Parece que no inició el año. Fui al gimnasio solo una semana. Mi primer intento de acercamiento a la grilla del “fitness” necesitó de google translate. Lo más parecido a una clase de gimnasia se llama Power Circuit.
Llego y veo a las dos nuevas gordas que inician. Ahora somos las tres gordas de la clase. Se le acercan al profe y le dicen: “arrancamos hoy”, gira la mirada y con cierto resentimiento me increpa: “Y vos?”. “Vine, pero hace 10 que no vengo. Formo parte de la misma categoría”.
“Mal día para empezar chicas” sentencia desde un cuerpo que ni el mejor anatomista puede imaginar. “Hoy la lucha es con ustedes mismas”-, grita frente a un público que lo aplaude, y repite a modo de mantra o pastor “el desafío siempre es con nosotros”. Miro al grupo de las nuevas con complicidad y un dejo de sarcasmo. Se ríen. Estamos ahí, pero esperando rajar: ¿por qué llegamos hasta acá?

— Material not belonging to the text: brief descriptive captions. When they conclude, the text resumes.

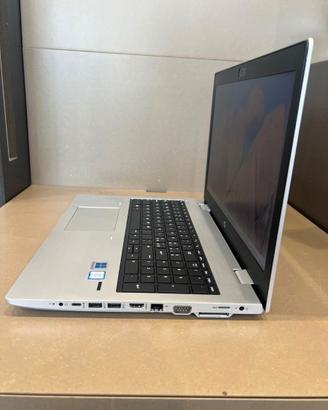 Dell Latitude 3520 – Ricondizionato Grado A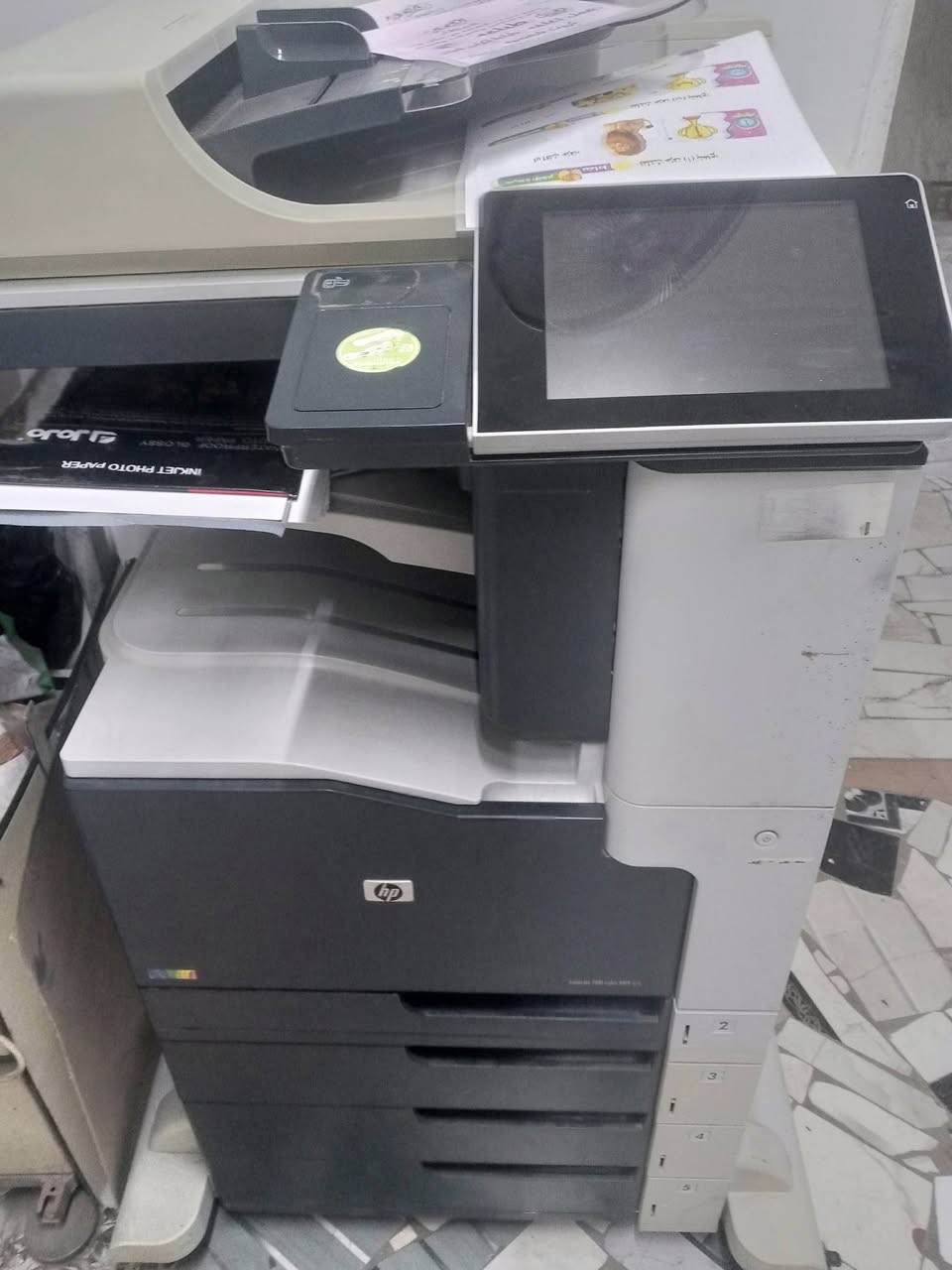 Hp laserjt 700mfp775
 محتاجه طقم الوان شغاله ابيض واسود فقط
اسكانر +طباعه من الهاتف نتورك+مقاسات ورق لحد A3+طباعه وش وضهر اوتوماتيك+5ادراج للورق
للتواصل 01211720394


**إذا كنت صاحب هذا الإعلان وتريد حذفه لأي سبب، رجاءا أرسل رسالة إلى الدعم الفني**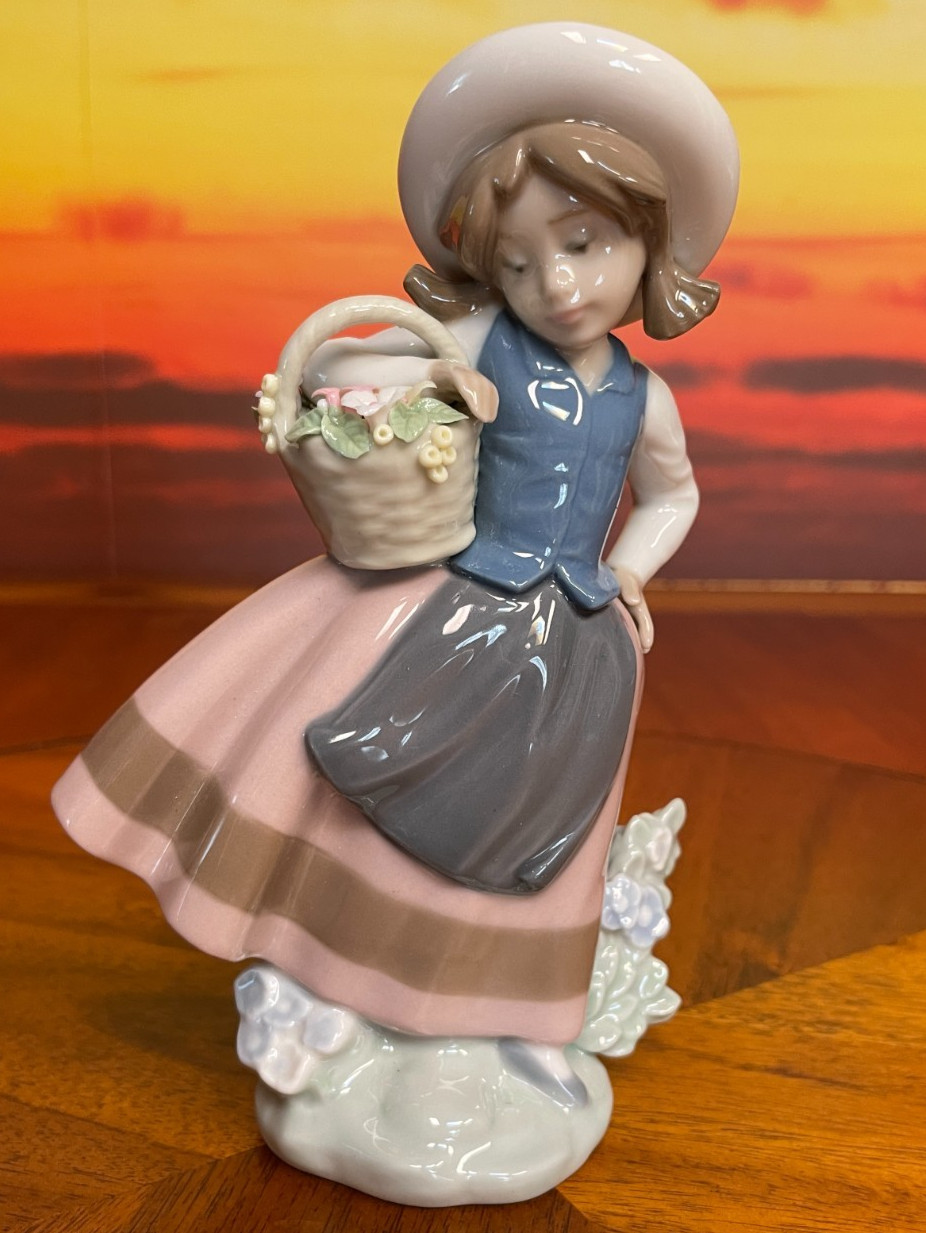 Vintage Signed LLADRO \
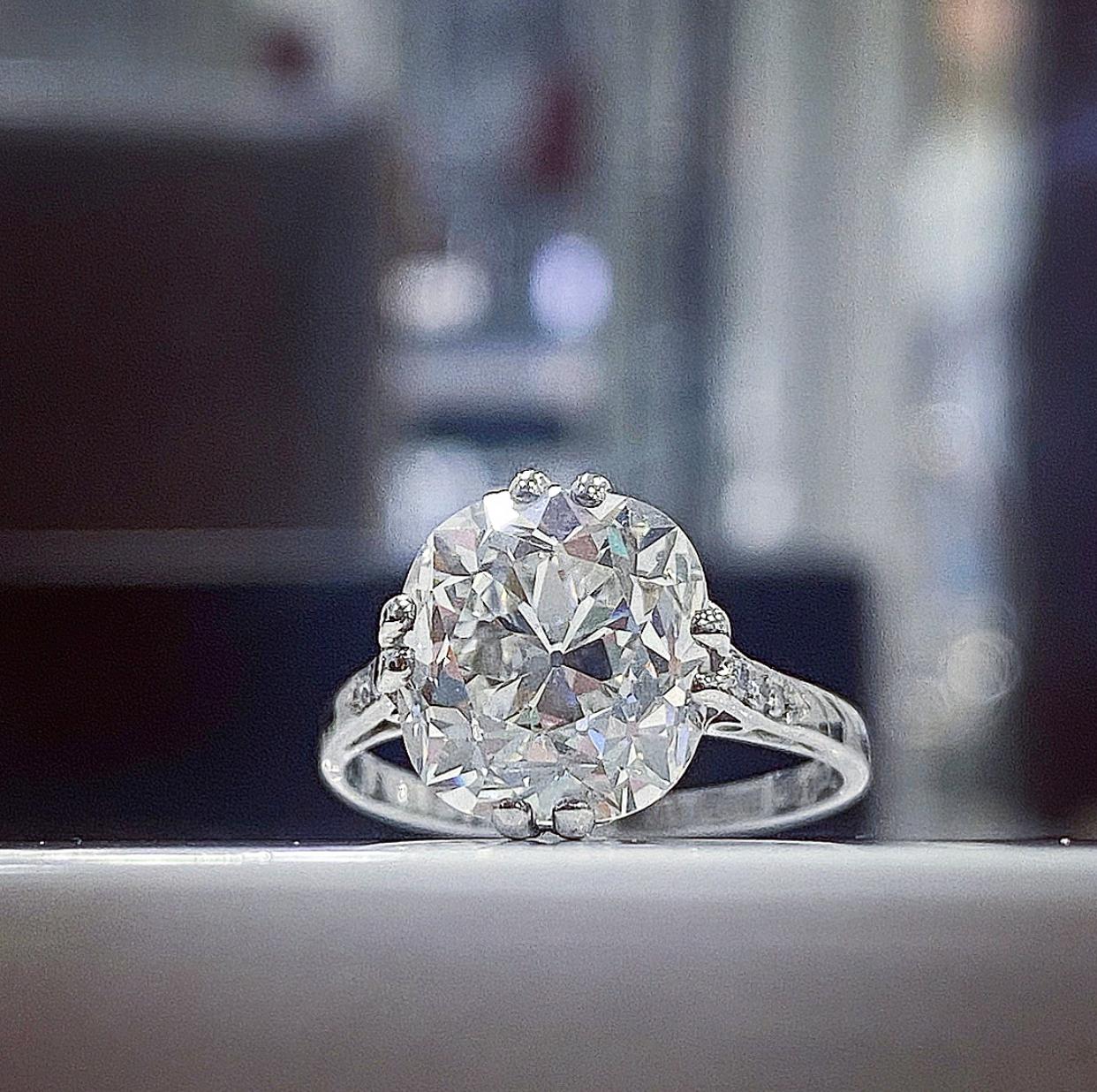 Art Deco 5.18ct Diamond Solitaire Engagement Ring, c.1920s For Sale 2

La música aturde. Explica los ejercicios, la mitad del lenguaje es en inglés. Lo único que puedo interpretar es UP. Miro a un divorciado que está a mi lado, tiene cara de sacrificado -por eso resiste-. Me traduce. Sigo, pero no entiendo. Por suerte está la señora que se anima: “no se entiende Walter, podes ir más despacio”. Qué alivio, es lo que pienso desde el primer día que ingresé a ese lugar, porque la clase tiene un ritmo frenético.
A poco de andar lo entiendo. Los asistentes, perdón los hombres alumnos, gritan “queremos más, con esto no quemo”. Terminan el ejercicio y piden más. ¿Puedo hacer 150 repeticiones? Suplica un señor mayor que ya no estaría en edad de anunciar su estado de juventud. Con 50 no llego a la carrera de running. Mis piernas tiemblan, pienso que podía estar caminando en la cinta escuchando la editorial de Sietecase, sin tanto bombardeo de éxitos corporales. Tengo añoranza del gimnasio de Almagro, del sindicato de SUTHER devenido en cadena, donde los políticos leían el diario mientras caminaban en la cinta. Todo un arte, nunca lo logré.
¿Cuántas veces hacés a la semana? Me pregunta una señora que flota en el aire cuando salta. Dos o tres o cuando puedo. El mínimo es cuatro. La miro con el último aliento. Ella sigue saltando.
Se acerca el profe y me pregunta cómo me siento. Descubro que es humano, que algún vínculo lo une con un mundo real y con una alumna a punto de pedir un pulmotor. Me interpela: ¿tu límite es la cabeza, las pulsaciones o el dolor corporal? No sé qué decir: ¿Cómo podría dividirme en todas esas partes? Salgo al cruce, a modo de superada: “son las tres”. Te digo que no, que tu problema es mental. Es una cuestión de desafío. Y me remite: hoy no es un buen día para empezar. Y vamos, vuelve a gritar. Aplaude. Sigue haciendo la “rutina”, miro sin aire, sin vista y sin corazón.